La naissance du sentiment : le romantisme à l'affiche

L'exploration du xixe siècle fait toujours l'objet d'un vif intérêt dans le milieu des expositions. Cette année 2002 le confirme une fois de plus, avec un point d'orgue sur la période romantique. La rétrospective du peintre Théodore Chassériau (1819-1856) au Grand Palais ouvrait cet itinéraire (28 février - 27 mai 2002). Peintre d'histoire et de portraits, né à Saint-Domingue, inspiré par la mythologie et le voyage en Orient, Chassériau est un romantique français mal et peu connu. Partagé entre le dessin et la couleur, entre les figures tutélaires d'Ingres et de Delacroix, il a su, au cours d'une carrière abrégée, déployer une version très colorée de la sensualité romantique, tentant de concilier la pureté néoclassique (science de la ligne, goût de l'antique...) à la facture plus débridée du romantisme (science du contraste, appétit des tons purs...). L'incendie de la Cour des comptes pendant la Commune a détruit son grand œuvre peint pour l'escalier monumental de l'édifice, mais il nous reste, malgré la mort prématurée de l'artiste, de nombreuses toiles pleines de tempérament. C'est ce que révèle l'exposition du Grand Palais, avec un point fort autour de la question de l'exotisme, de la troublante Étude de noir (1838) au portrait très orientaliste d'Ali-Ben-Hamet, kalifat de Constantine (1845).

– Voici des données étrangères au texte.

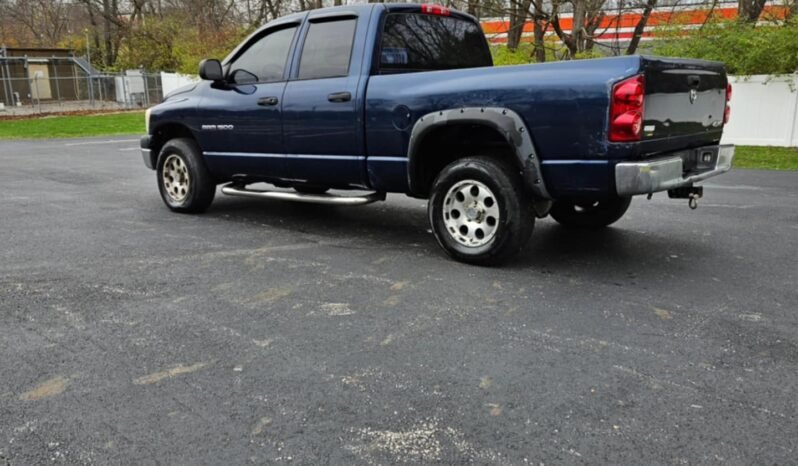 
								2007 Dodge Ram 1500 full									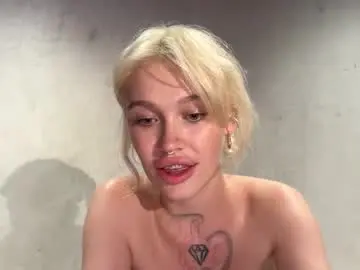 Chaturbate Live Porn of golden_alinee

La surprise est plus décevante, quelques mois plus tard dans les mêmes salles, avec l'exposition consacrée à John Constable (1776-1837), l'un des artistes majeurs du romantisme anglais (Galeries nationales du Grand Palais, octobre 2002 - 13 janvier 2003). Constable est, avec son compatriote Turner, le grand rénovateur de la peinture de paysage. On lui doit de magnifiques études de ciel, de superbes petites parcelles de nature qui prennent sous son pinceau une allure enchanteresse. Beaucoup y ont vu un précurseur de l'impressionnisme, par son goût de l'instant, son œil à l'affût de l'insaisissable mouvement des nuages. Ce n'est pas le Constable que l'on découvre ici. Le choix des œuvres, chose rare, a été confié à un artiste : Lucian Freud, descendant direct de Sigmund, mais aussi et surtout grande figure de la peinture britannique actuelle. Choix du cœur ou parti pris alternatif, Freud a décidé de sous-estimer ce pan le plus « moderne » de Constable (seules quelques études de ciel sont réunies ici) pour privilégier des pans moins convenus de l'œuvre, le portrait par exemple dans la première moitié de l'exposition. Constable n'en sort pas grandi, et l'on s'ennuie beaucoup devant des œuvres bien secondaires que la fameuse Charrette de foin (1821) ne parvient pas à sauver.

Max Beckmann et Francis Picabia : les figures de la peinture

L'esprit romantique se retrouve, à sa manière, dans l'importante rétrospective du peintre expressionniste allemand Max Beckmann (1884-1950), la réelle surprise de la rentrée, organisée par le Centre Pompidou (« Max Beckmann, un peintre dans l'histoire », octobre 2002 - 6 janvier 2003). Cet artiste que l'on retrouvait, en 1937, sur les cimaises de la fameuse exposition « L'art dégénéré », organisée par les nazis, a souffert pendant de nombreuses années d'un véritable ostracisme en France. En 1968, l'exposition que lui consacrait le Grand Palais fut un authentique fiasco, ravivant les vieux fantômes de l'antigermanisme. En 2002, les choses ont, par chance, changé. On semble mieux disposé devant une œuvre qui pose la question de l'histoire et du portrait, avec tout le sens du mythe dans la représentation du drame humain. Beckmann, fils de la Grande Guerre, est un peintre de la « farce tragique ». Ses couleurs et son contour noir, très noir, impriment une densité toute particulière aux corps et aux visages. On retiendra les grands triptyques, où le sujet historique rencontre la mythologie, mais aussi les fameux et nombreux autoportraits, où l'artiste, dandy à la pause altière, se met en représentation, non sans une pointe d'ironie détachée.